[Web page caption snippets]
——————
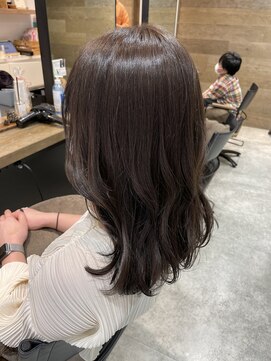 ビヨウシツ ポスタ モカベージュ　正木ゆかり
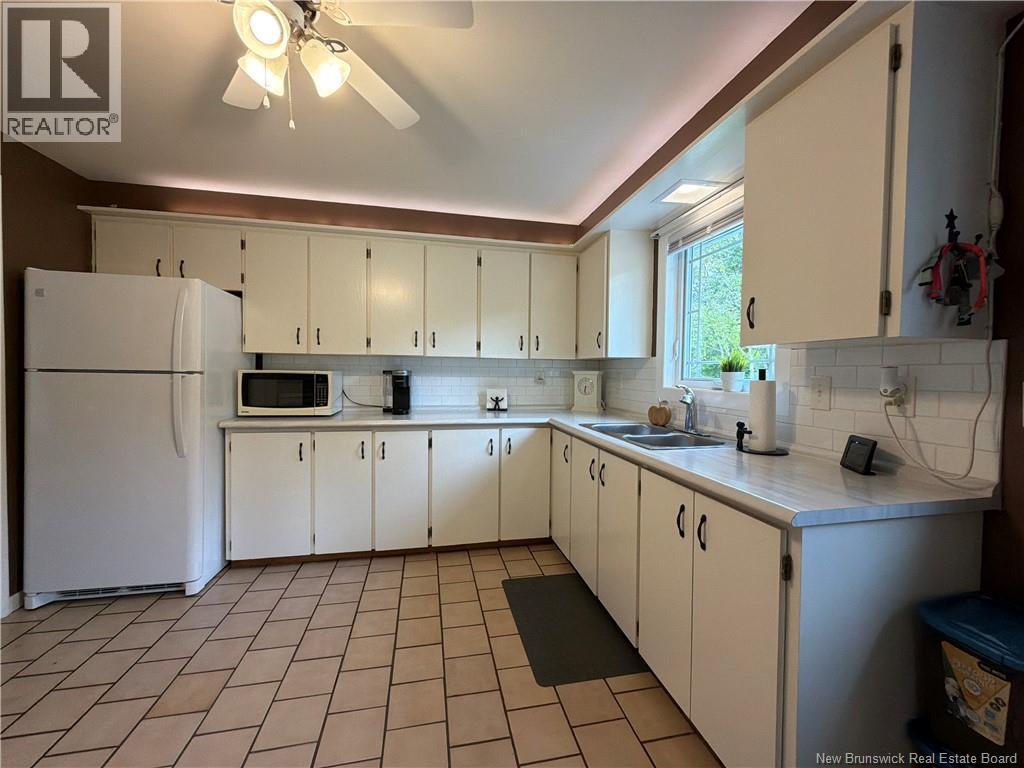 25 McNeish Road - 17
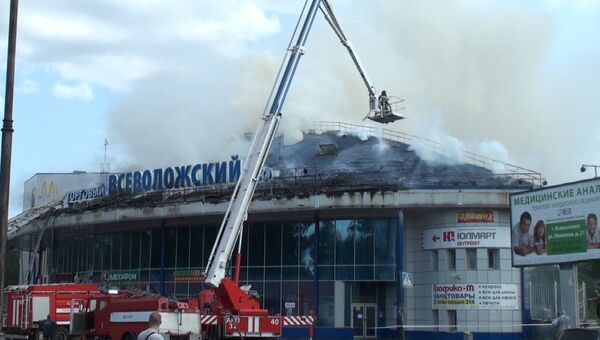 Пожар в торговом центре в Ленобласти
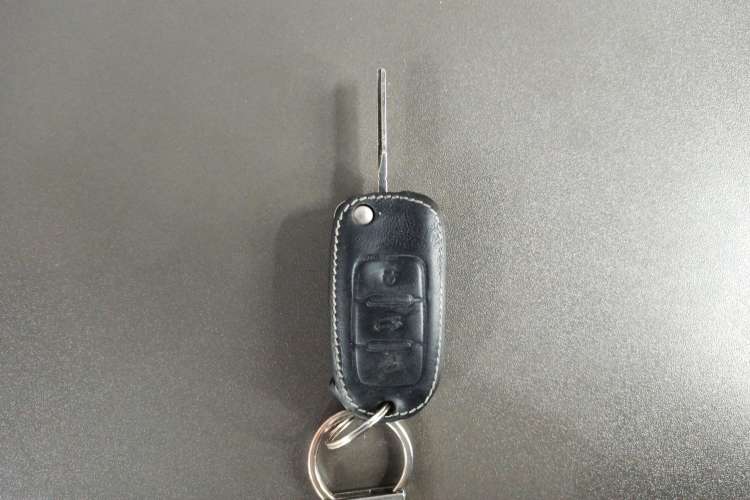 Used Volkswagen Sagitar 2012 1.6L Manual Fashion Edition Vehicle Key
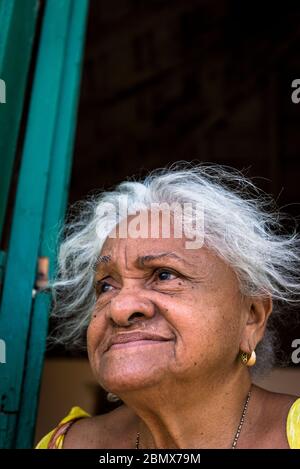 Donna anziana alla porta della sua casa, Trinidad, Cuba Foto Stock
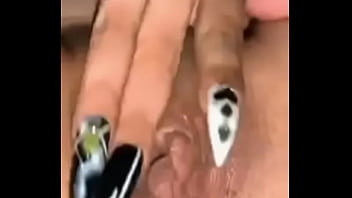 Thot showing what she got and giving it 1990 baby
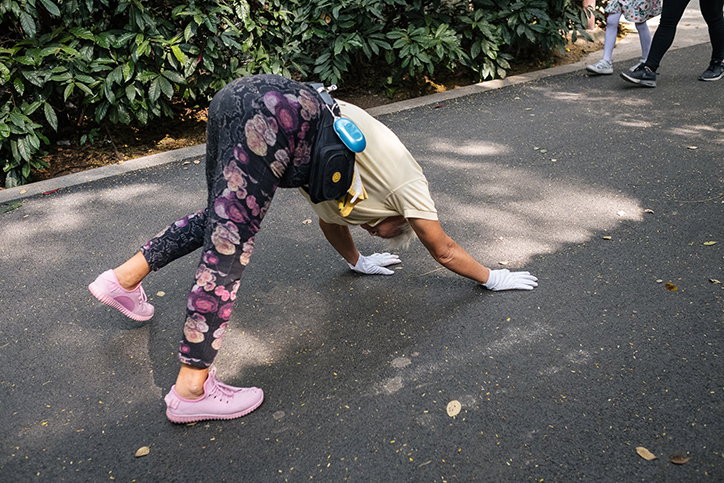 RyanHarding-OldPeopleInParks-Photography-itsnicethat-02.jpg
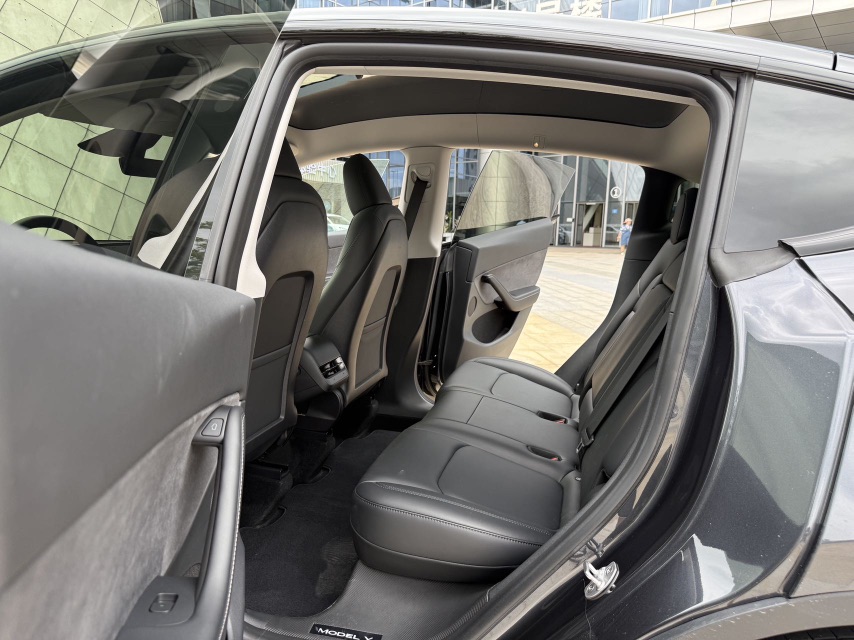Tesla Model Y 2024 #8 Tesla Model Y 2024 car image #8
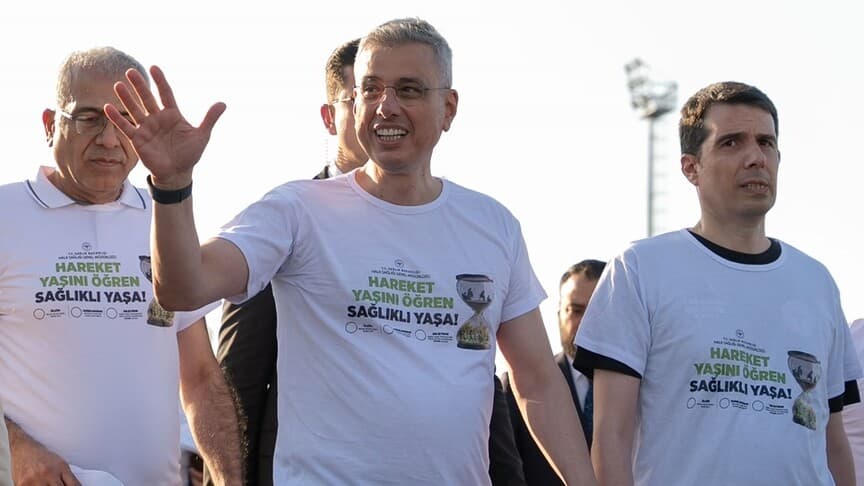 Sağlık Bakanı Memişoğlu, bir ay boyunca vatandaşların hareket yaşını ölçecek.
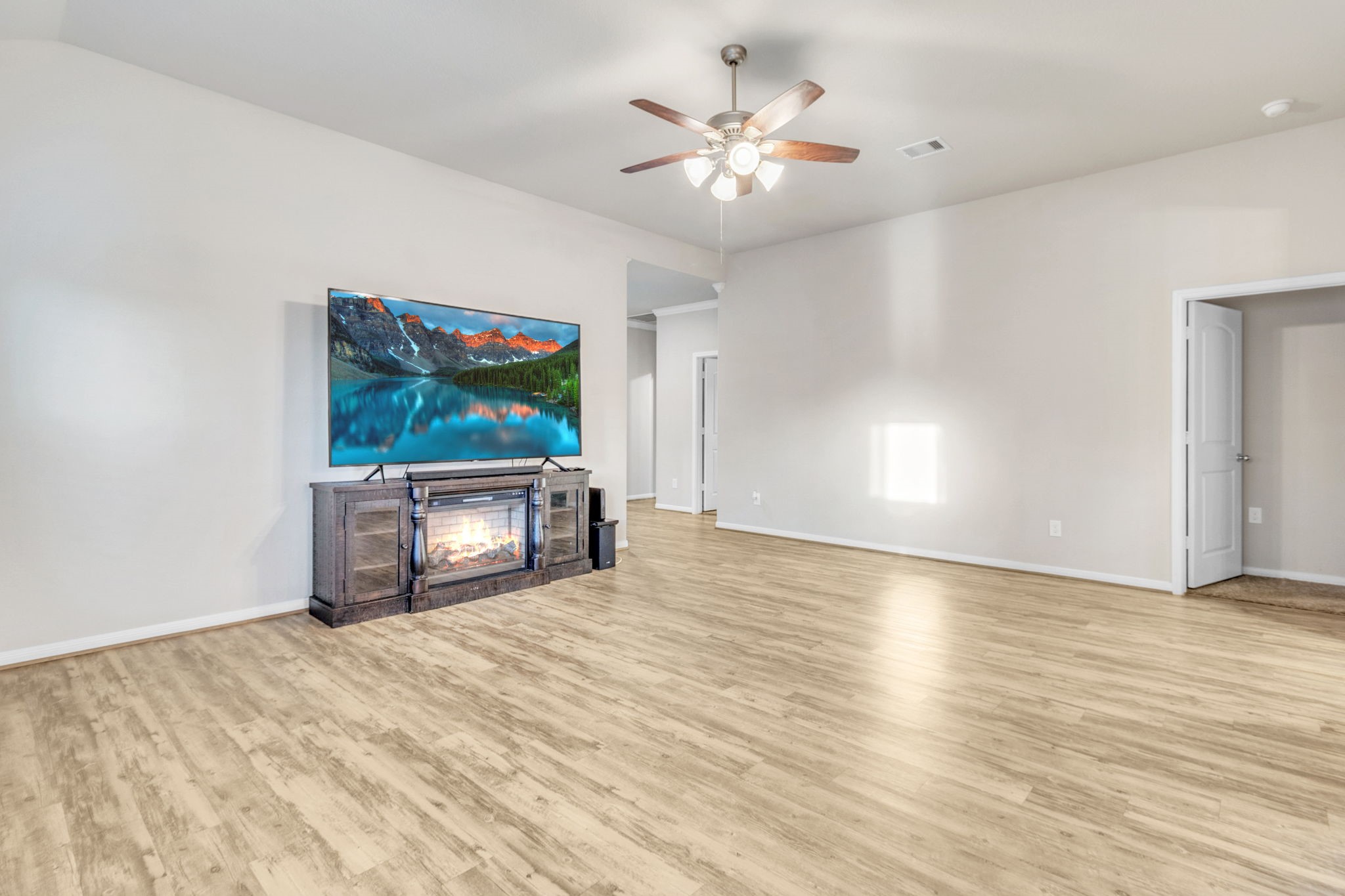 15056 Meadow Glen N Property Photo 5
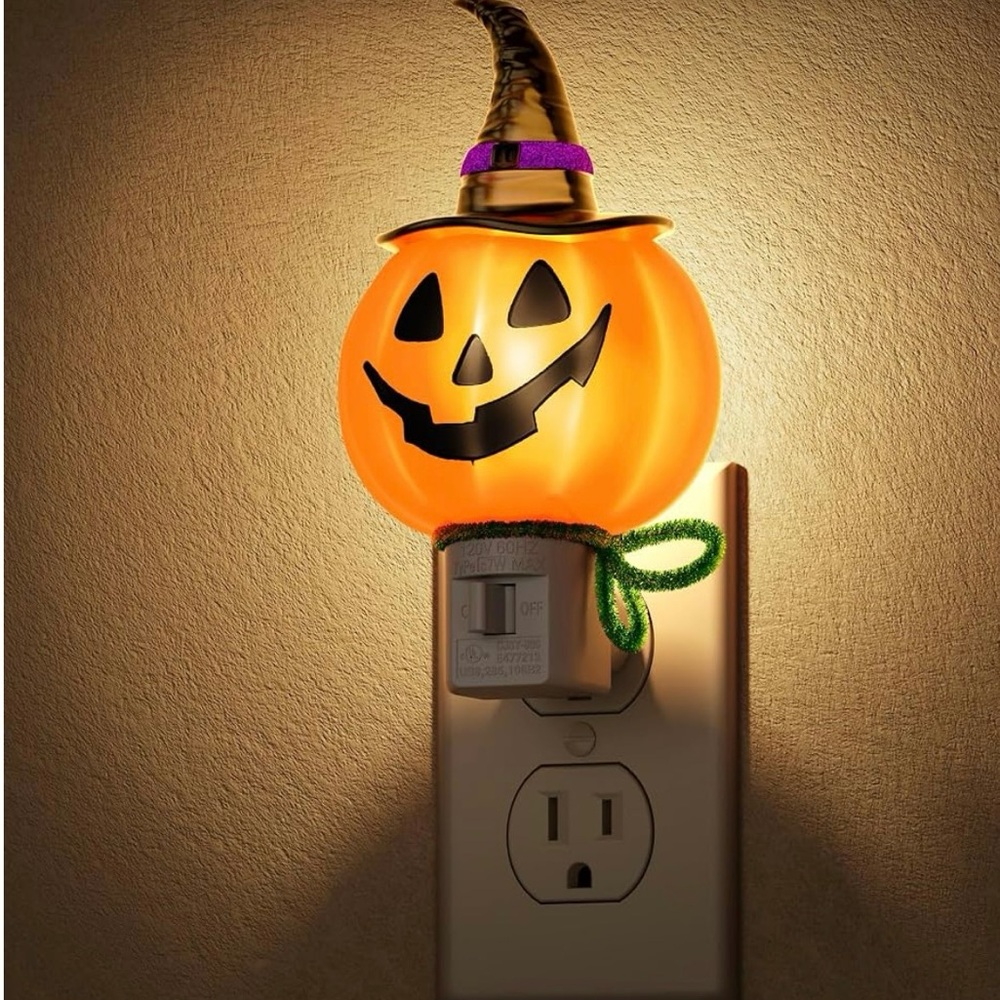 Halloween Pumpkin Night Light NWT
——————
• **What is needed**: Only lines from the one holding "15056 Meadow Glen N Property Photo 5" through the last line of the entries above are wanted, both ends included, each retyped exactly; no pictures.

• **Answer section**:
 15056 Meadow Glen N Property Photo 5
 Halloween Pumpkin Night Light NWT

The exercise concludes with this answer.